Pengeras Suara Masjid
Membandingkan Suara Adzan dengan Gonggongan Anjing?
Pemerintah Mesir sempat melarang penggunaan pengeras suara masjid untuk menyiarkan Sholat Tarawih dan ceramah keagamaan selama bulan suvi Ramadhan
Pengaturan pengeras suara di masjid dan mushalla sebelumnya juga pernah digagas dan dilontarkan Ketua Umum Dewan Masjid Indonesia (DMI) yang juga mantan Wakil Presiden RI ke-10 dan ke-12 Bapak Jusuf Kalla.
Bahkan di beberpa negara yang mayorits muslim sebagaimana kondisi Indonesia juga telah mengeluarkan kebijaakan pengaturan pengeras suara di masjid misalnya Mesir, Arab Saudi, dan Malaysia.
Pemerintah Mesir sempat melarang penggunaan pengeras suara masjid untuk menyiarkan Sholat Tarawih dan ceramah keagamaan selama bulan suvi Ramadhan 2017.
Kebijakan ini diambil agar umat Islam khusyu’ dan tidak terganggu suara pengeras suara masjid yang tidak diatur secara baik, sehingga menimbulkan kebisingan.
Di Arab Saudi sejak 2015 juga telah mengeluarkan kebijakan mengatur pengeras suara luar masjid kecuali untuk adzan shalat fardhu, sholat Jumat, salat Idul Fitri dan Adha, serta shalat meminta hujan (istisqo’).
Kebijakan di Arab Saudi ini diambil setelah munculnya beragai keluhan dan aspirasi warga mengenai volume pengeras suara masjid yang terlalu keras; Sedangkan di Malaysia, kebijakan pengaturan terhadap pengeras suara diserahkan kepada negara bagian masing-masing guna mewujudkan kemaslahatan dan ketertiban umum.

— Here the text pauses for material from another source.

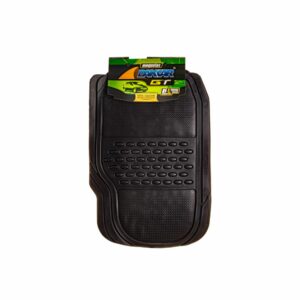 Juego De MoquetasGtNegro PLASTICAUCHO Unidad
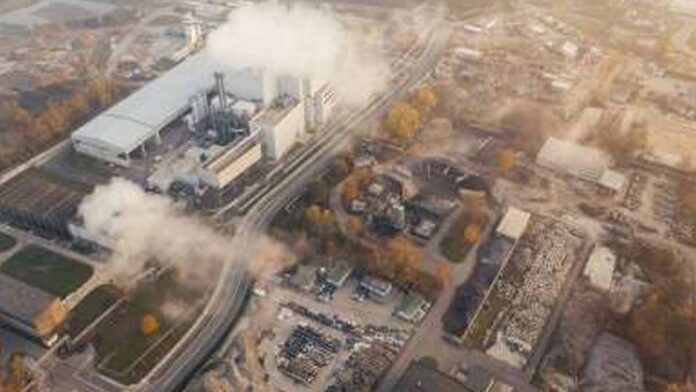 Toxic Gas Leaks at Chemical Factory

Jadi pengaturan “kebisingan” pengeras suara (toa) masjid dalam rangka mewujudkan kemaslahatan dan nyaman bersama merupakan ranah pemerintah sesuai prinsip ushul fiqhi tashorruful imam ‘ala al-ro’iyah manuthun bi al-maslahah.
Tidak Pernah Membandingkan
Diberitakan Gus Yaqut menyebutkan bahwa tanpa adanya pengaturan soal kebisingan suara dari pelantang masjid bisa mengganggu orang lain.
“Kita bayangkan, saya muslim, saya hidup di lingkungan nonmuslim, kemudian rumah ibadah mereka membunyikan toa sehari lima kali dengan keras secara bersamaan, itu rasanya bagaimana?” ucap Yaqut di Pekanbaru, Riau (Rabu, 23/2/2022).
Sang Ketum GP Ansor itu selanjutnya memberikan contoh lainnya, yakni gonggongan anjing.
Orang bisa terganggu jika banyak anjing yang menggonggong di waktu bersamaan.
“Contohnya lagi, misalkan tetangga kita, kiri kanan depan belakang pelihara anjing semua, misalnya, menggonggong di waktu yang bersamaan, kita terganggu tidak? Artinya semua suara-suara harus kita atur agar tidak menjadi gangguan,” tutur Gus Yaqut.
Polemik dan kontoversi atas pernyataan Menteri Agama tersebut, yang kemudian “ditafsirkan” beberapa pihak sebagai “pembandingan antara suara adzan dengan suara gonggongan anjing” adalah tafsiran yang terlalu jauh dan di luar nalar sehat saya.
Tidaklah mungkin seorang Menteri Agama Republik Indonesia membandingkan dua hal yang tidak mungkin dibandingkan.